**Excerpted data**
────────
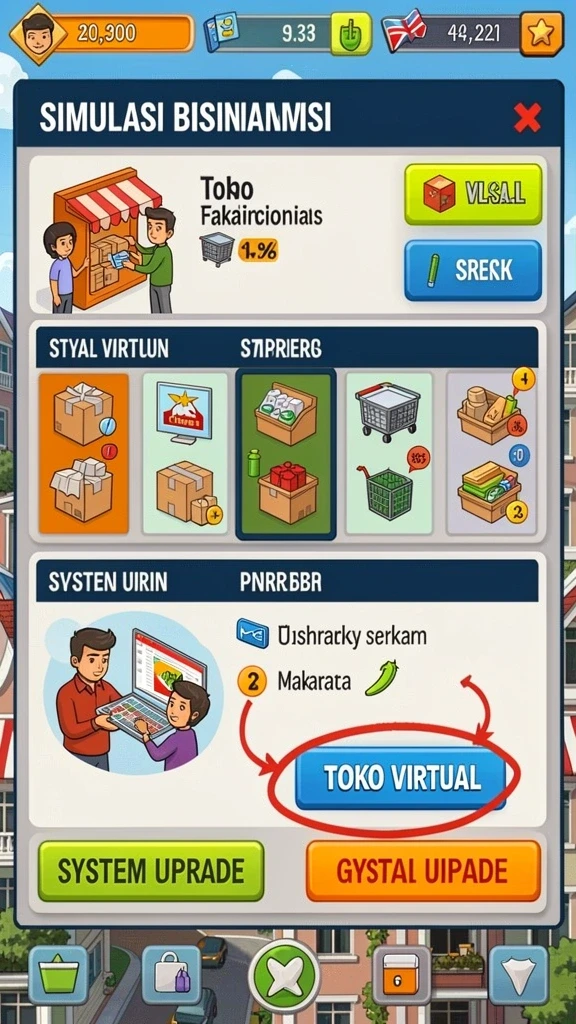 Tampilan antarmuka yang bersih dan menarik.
────────
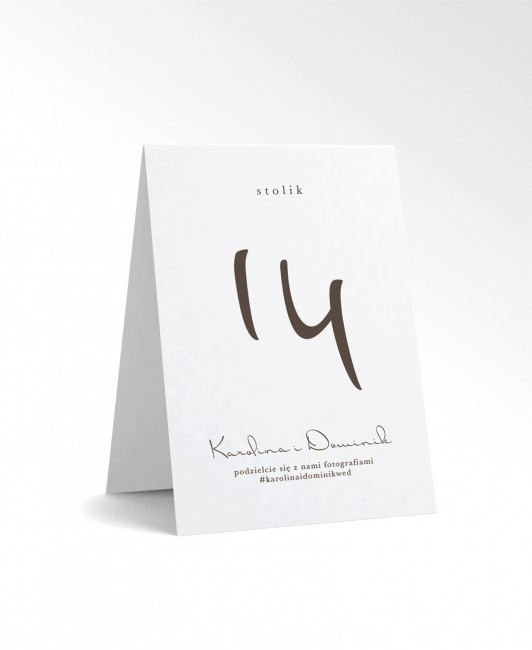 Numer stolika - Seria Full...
────────
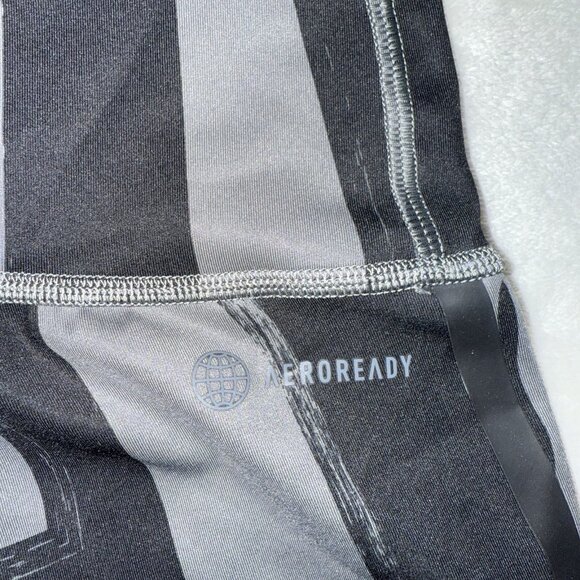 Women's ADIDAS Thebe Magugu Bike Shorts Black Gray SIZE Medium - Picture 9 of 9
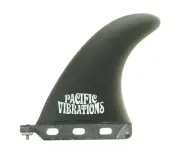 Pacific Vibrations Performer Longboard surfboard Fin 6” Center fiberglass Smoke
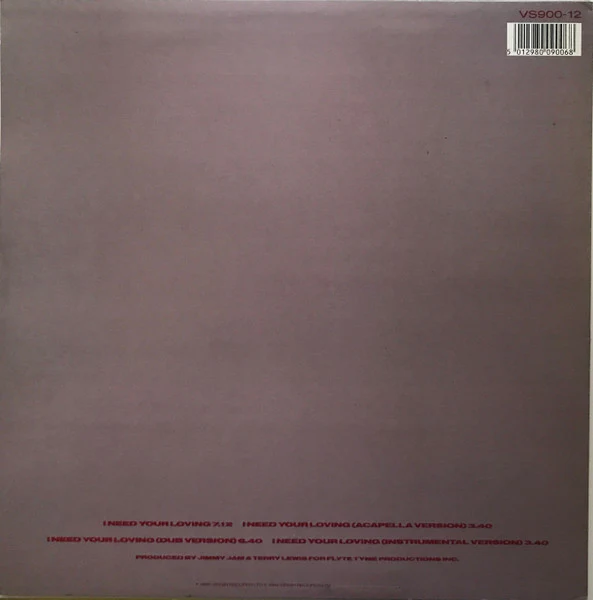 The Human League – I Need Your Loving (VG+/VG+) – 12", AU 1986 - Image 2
────────
**Work task**
Among the entries above, locate the line with "Women's ADIDAS Thebe" and the line with "The Human League". Give those two lines and all lines between them again, exactly, leaving out the pictures.

**Task result**
 Women's ADIDAS Thebe Magugu Bike Shorts Black Gray SIZE Medium - Picture 9 of 9
 Pacific Vibrations Performer Longboard surfboard Fin 6” Center fiberglass Smoke
 The Human League – I Need Your Loving (VG+/VG+) – 12", AU 1986 - Image 2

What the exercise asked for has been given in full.